Tragic asylum seeker farce

Australia excises itself

Last week in a bizarre move the Gillard government excised the whole of the Australian mainland from its own immigration requirements, in order to deter asylum seekers from seeking refuge here.

That initiative went much further than the Howard government’s excision of Australian islands. Now anyone arriving unannounced by boat on the shores of any Australian territory can be incarcerated in an offshore detention centre while awaiting processing of their applications for asylum. In contrast, anyone arriving by plane will be subject to minimum processing delays before being released into the community.

An asylum seeker arriving by boat on the shores of Sydney’s Botany Bay would therefore be subject to the much harsher system, would be held for a much longer period, and would have a much higher chance of rejection than someone whose plane lands 100 metres inland at Mascot Airport.

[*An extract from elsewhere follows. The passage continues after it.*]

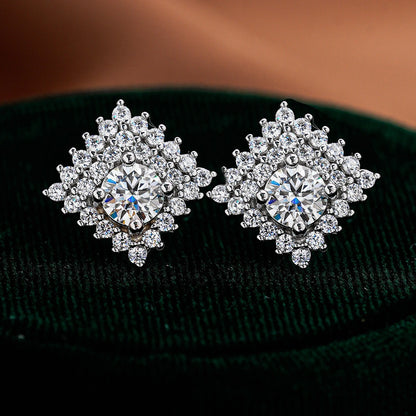 Square Halo Stud Earrings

This move is just the latest in a seemingly never-ending series of attempts by both Liberal/National and Labor Party governments to reap electoral advantage from the increasing flow of asylum seekers, while claiming that their real reason for treating them so harshly is to protect them from drowning at sea.

Financial and political costs

Since February the estimated cost of detaining asylum seekers and processing their applications between July last year and June 2016 has increased by some $3.2 billion, to $8.1 billion. The government has stripped almost a billion dollars from foreign aid budget allocations to help cover these costs.

It has also allocated another $16.6 million over the next two years to help the Immigration Department fight legal cases brought against it by asylum seekers who, not surprisingly, object to being indefinitely detained for arriving here seeking our help.

The government’s actions are inconsistent with its obligations under the UN Refugee Convention, to which Australia is a signatory. Between July last year and March this year the government lost approximately three quarters of all cases brought against it by asylum seekers.

The federal government and opposition have both blamed the current huge cost for dealing with asylum seekers on the increasing number of people arriving by boat. However, the primary reason actually lies in the twin policies of mandatory detention and off-shore processing.

Offshore detention is proving to be a colossal failure in both economic and human terms. Nauru currently accommodates 420 men and Manus Island 270 men, women and children. However, they have proved inadequate to deal with the numbers involved, so some asylum seekers have been shipped back to mainland detention centres.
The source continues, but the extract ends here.